SIEMs have been pitched in the past as “correlation engines” and their special algorithms can take in volumes of logs and filter everything down to just the good stuff. In its most basic form, correlation is a mathematical, statistical, or logical relationship between a set of different events. Correlation is incredibly important, and is a very powerful method for confirming details of a security incident. Correlation helps shake out circumstantial evidence, which is completely fair to use in the incident response game. Noticing one alarm from one host can certainly be compelling evidence, but in many cases it’s not sufficient. Let’s say my web proxy logs indicate a host on the network was a possible victim of a drive-by download attack. The SIEM could notify the analysts team that this issue occurred, but what do we really know at this point? That some host may have downloaded a complete file from a bad host – that’s it. We don’t know if it has been unpacked, executed, etc. and have no idea if the threat is still relevant. If the antivirus deleted or otherwise quarantined the file, do we still have anything to worry about? If the proxy blocked the file from downloading, what does that mean for this incident?

This is the problem that correlation can solve.
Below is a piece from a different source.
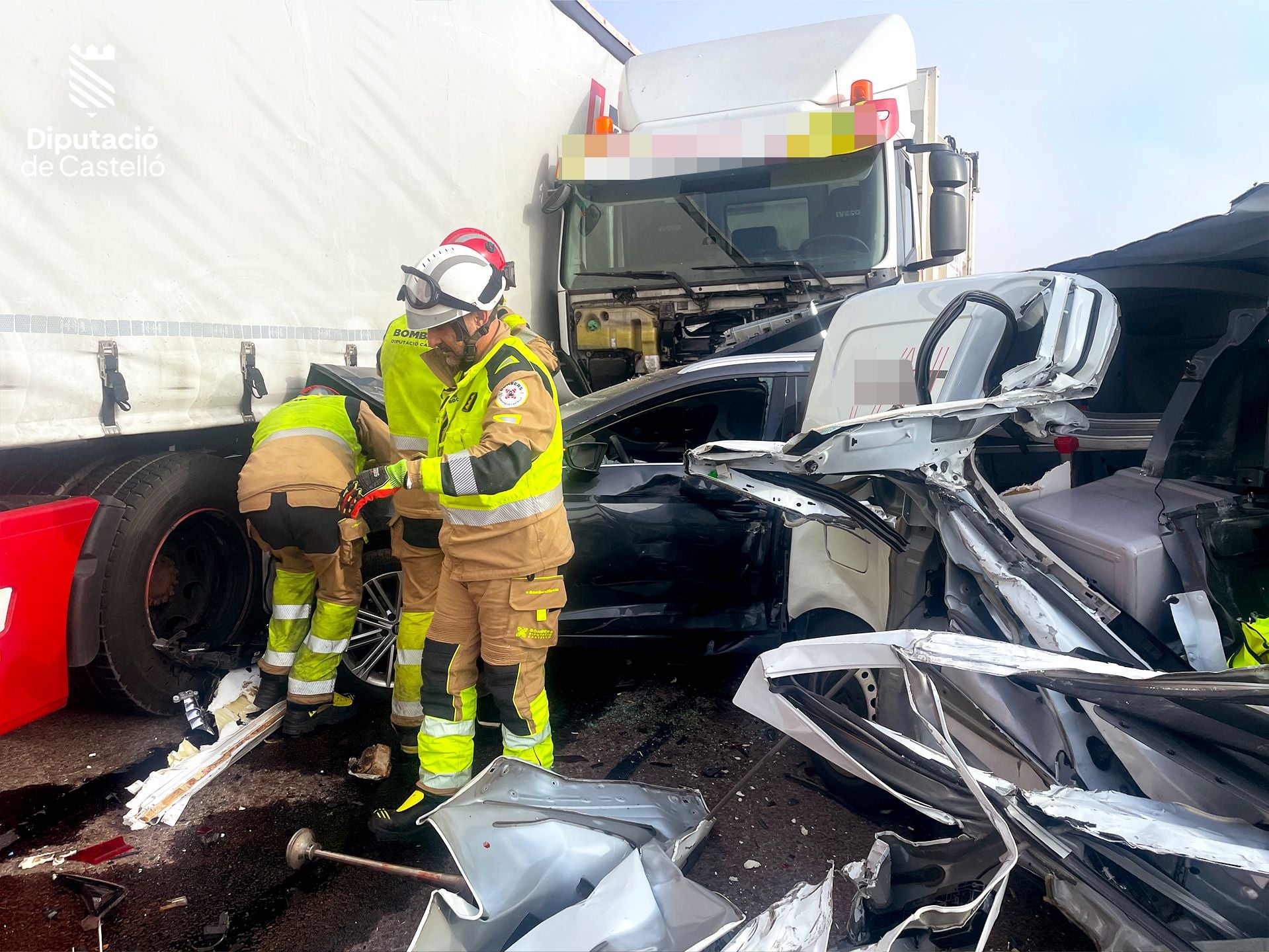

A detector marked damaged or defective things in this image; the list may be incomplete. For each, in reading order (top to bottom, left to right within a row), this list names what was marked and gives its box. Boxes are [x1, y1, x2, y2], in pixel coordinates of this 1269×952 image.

damaged silver car [690, 255, 1269, 952]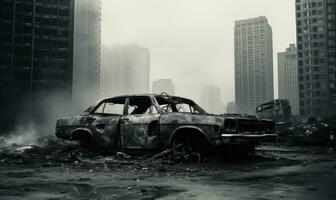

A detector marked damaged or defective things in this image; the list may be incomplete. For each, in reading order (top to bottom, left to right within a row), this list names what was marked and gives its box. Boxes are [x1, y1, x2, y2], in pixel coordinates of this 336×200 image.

If after the malware file downloaded we see port scanning behavior, large outbound netflow to unusual servers, repeated connections to PHP scripts hosted in sketchy places, or other suspicious activity from the same host, we can create an incident for the host based on our additional details. The order is important as well. Since most attacks follow the same pattern (bait, redirect, exploit, additional malware delivery, check-in), we tie these steps together with security alarms and timestamps. If we see the events happening in the proper order we can be assured an incident has occurred.

 

I’m sorry Dave, I’m afraid I can’t do that

 

The statistical and mathematical correlation determinations are best handled by the SIEM. However, the logical correlation can really only be done well by a human brain. As an example, the SIEM might fire many alerts indicating an SSH brute force attack is occurring. It’s getting thousands of alarms from the network IDS and from UNIX hosts indicating multiple rapid connections to the SSH daemon. To the SIEM and the underlying security monitoring tools, these events look really bad – they are great indicators that something nefarious is happening, and that something is attempting to gain unauthorized access to SSH services. However, the human analyst might know that these events are part of an expected audit and the source, or attacking, host actually belongs to a sanctioned auditor performing SSH sweeps at their scheduled time. The SIEM is taking the IDS alarms and the host indicators and accurately informing that there’s a security event taking place, but it has no way to know or understand that its not truly a security event. These types of events are common and are just part of being a SIEM analyst.

I have been involved in numerous investigations where an IT team uses a script to SCP files between a server and thousands of clients. In most cases, they do a quick TCP connection sweep to see if their hosts are up and whether SSH is listening before they attempt to copy files. This behavior is of course totally normal and acceptable for a sysadmin and their management systems; however, from the perspective of the security devices and the SIEM, this is anomalous and possibly malicious. The human brain is capable of “correlating” this activity with the underlying reason. This turns a possible incident into just an event.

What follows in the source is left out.